* _Prompt_:
All records below must be retyped exactly.

* _Exercise data_:
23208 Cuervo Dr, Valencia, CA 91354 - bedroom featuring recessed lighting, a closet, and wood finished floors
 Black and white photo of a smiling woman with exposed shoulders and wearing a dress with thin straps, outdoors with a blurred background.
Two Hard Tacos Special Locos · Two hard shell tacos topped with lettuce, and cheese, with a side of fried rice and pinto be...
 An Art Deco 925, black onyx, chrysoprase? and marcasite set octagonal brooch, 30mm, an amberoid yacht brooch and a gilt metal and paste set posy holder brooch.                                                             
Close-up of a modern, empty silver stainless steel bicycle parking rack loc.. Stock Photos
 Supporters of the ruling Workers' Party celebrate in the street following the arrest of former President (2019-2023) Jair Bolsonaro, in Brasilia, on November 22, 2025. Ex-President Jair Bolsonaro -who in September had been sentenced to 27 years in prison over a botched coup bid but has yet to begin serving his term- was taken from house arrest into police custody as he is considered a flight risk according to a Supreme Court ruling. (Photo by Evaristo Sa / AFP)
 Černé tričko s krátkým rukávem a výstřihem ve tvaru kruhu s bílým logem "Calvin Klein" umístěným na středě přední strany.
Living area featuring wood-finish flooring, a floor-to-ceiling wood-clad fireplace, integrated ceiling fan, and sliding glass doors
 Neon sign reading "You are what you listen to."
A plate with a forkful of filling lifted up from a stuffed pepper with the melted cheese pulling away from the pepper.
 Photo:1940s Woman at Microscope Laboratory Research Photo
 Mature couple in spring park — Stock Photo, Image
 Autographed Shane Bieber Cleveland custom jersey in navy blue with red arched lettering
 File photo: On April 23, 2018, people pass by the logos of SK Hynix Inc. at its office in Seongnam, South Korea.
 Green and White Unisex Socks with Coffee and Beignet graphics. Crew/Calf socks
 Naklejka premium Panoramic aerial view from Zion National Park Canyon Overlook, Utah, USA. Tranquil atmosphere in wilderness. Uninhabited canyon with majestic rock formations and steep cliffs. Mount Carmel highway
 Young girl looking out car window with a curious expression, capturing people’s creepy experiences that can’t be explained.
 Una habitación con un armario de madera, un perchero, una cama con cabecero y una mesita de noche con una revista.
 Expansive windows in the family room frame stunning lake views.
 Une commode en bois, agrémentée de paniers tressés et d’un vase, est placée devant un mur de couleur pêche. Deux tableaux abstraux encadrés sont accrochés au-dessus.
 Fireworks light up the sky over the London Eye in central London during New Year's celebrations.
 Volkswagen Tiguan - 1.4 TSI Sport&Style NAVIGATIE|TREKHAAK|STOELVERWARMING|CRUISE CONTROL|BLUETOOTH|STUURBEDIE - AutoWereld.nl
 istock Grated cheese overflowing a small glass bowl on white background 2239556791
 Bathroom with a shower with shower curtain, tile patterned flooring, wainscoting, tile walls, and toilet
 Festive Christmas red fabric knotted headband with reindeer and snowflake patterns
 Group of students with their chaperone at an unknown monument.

* _Task solution_:
23208 Cuervo Dr, Valencia, CA 91354 - bedroom featuring recessed lighting, a closet, and wood finished floors
 Black and white photo of a smiling woman with exposed shoulders and wearing a dress with thin straps, outdoors with a blurred background.
Two Hard Tacos Special Locos · Two hard shell tacos topped with lettuce, and cheese, with a side of fried rice and pinto be...
 An Art Deco 925, black onyx, chrysoprase? and marcasite set octagonal brooch, 30mm, an amberoid yacht brooch and a gilt metal and paste set posy holder brooch.                                                             
Close-up of a modern, empty silver stainless steel bicycle parking rack loc.. Stock Photos
 Supporters of the ruling Workers' Party celebrate in the street following the arrest of former President (2019-2023) Jair Bolsonaro, in Brasilia, on November 22, 2025. Ex-President Jair Bolsonaro -who in September had been sentenced to 27 years in prison over a botched coup bid but has yet to begin serving his term- was taken from house arrest into police custody as he is considered a flight risk according to a Supreme Court ruling. (Photo by Evaristo Sa / AFP)
 Černé tričko s krátkým rukávem a výstřihem ve tvaru kruhu s bílým logem "Calvin Klein" umístěným na středě přední strany.
Living area featuring wood-finish flooring, a floor-to-ceiling wood-clad fireplace, integrated ceiling fan, and sliding glass doors
 Neon sign reading "You are what you listen to."
A plate with a forkful of filling lifted up from a stuffed pepper with the melted cheese pulling away from the pepper.
 Photo:1940s Woman at Microscope Laboratory Research Photo
 Mature couple in spring park — Stock Photo, Image
 Autographed Shane Bieber Cleveland custom jersey in navy blue with red arched lettering
 File photo: On April 23, 2018, people pass by the logos of SK Hynix Inc. at its office in Seongnam, South Korea.
 Green and White Unisex Socks with Coffee and Beignet graphics. Crew/Calf socks
 Naklejka premium Panoramic aerial view from Zion National Park Canyon Overlook, Utah, USA. Tranquil atmosphere in wilderness. Uninhabited canyon with majestic rock formations and steep cliffs. Mount Carmel highway
 Young girl looking out car window with a curious expression, capturing people’s creepy experiences that can’t be explained.
 Una habitación con un armario de madera, un perchero, una cama con cabecero y una mesita de noche con una revista.
 Expansive windows in the family room frame stunning lake views.
 Une commode en bois, agrémentée de paniers tressés et d’un vase, est placée devant un mur de couleur pêche. Deux tableaux abstraux encadrés sont accrochés au-dessus.
 Fireworks light up the sky over the London Eye in central London during New Year's celebrations.
 Volkswagen Tiguan - 1.4 TSI Sport&Style NAVIGATIE|TREKHAAK|STOELVERWARMING|CRUISE CONTROL|BLUETOOTH|STUURBEDIE - AutoWereld.nl
 istock Grated cheese overflowing a small glass bowl on white background 2239556791
 Bathroom with a shower with shower curtain, tile patterned flooring, wainscoting, tile walls, and toilet
 Festive Christmas red fabric knotted headband with reindeer and snowflake patterns
 Group of students with their chaperone at an unknown monument.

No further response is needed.